1. Grant Park is protected open space.
2. There are lots of suitable locations for the Children’s Museum that AREN’T protected open space.
3. Submerging the museum mostly underground has increased the construction cost for the project from $40 million to $100 million, which the museum will have to make up now, most likely by increasing admission fees, or more likely, by sticking taxpayers with the cost overruns.
4. Chicago has less open park space per capita than any other major city in the U.S.

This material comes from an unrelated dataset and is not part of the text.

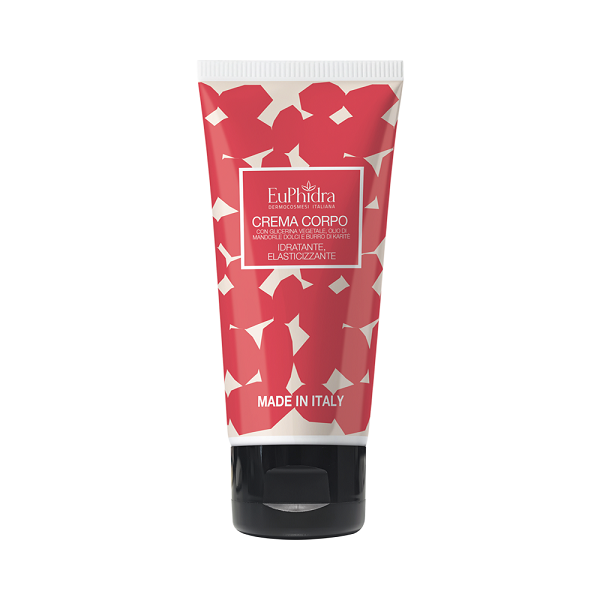 Zeta Crema Corpo Idrat Elastic 100 ml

5. Grant Park Conservancy director Bob O’Neill is already circulating plans for another development in Grant Park – a tavern – so the slippery slope is very real.
Nice photo 🙂
Just thought I’d share the number of signatories of “Evil Children’s Museum Haters” (i.e. those opposed to it moving the Grant Park) is growing rapidly, see http://www.gopetition.com/petitions/save-grant-park.html and especially note the comments.
Eric
“It seems to me that by simple dint of the Chicago Children’s Museum having to do with, well, children, many people feel free to underestimate its existence as an educational institution–or to simply conflate it with an activity center.”
I know you’ve been to the current museum and talked with staff, but have you taken a child there? It pretty much is an activity center.
Not that there’s anything wrong with constructive play. But it’s far closer to a Chuck E. Cheese (without the dreadful food, thank goodness) than it is to a museum. With an current admission price of $8 a head (plus whatever parents have to pay for when they enter or leave through the gift shop) it’s a little expensive for the less than affluent.
My personal opinion is it should just go away.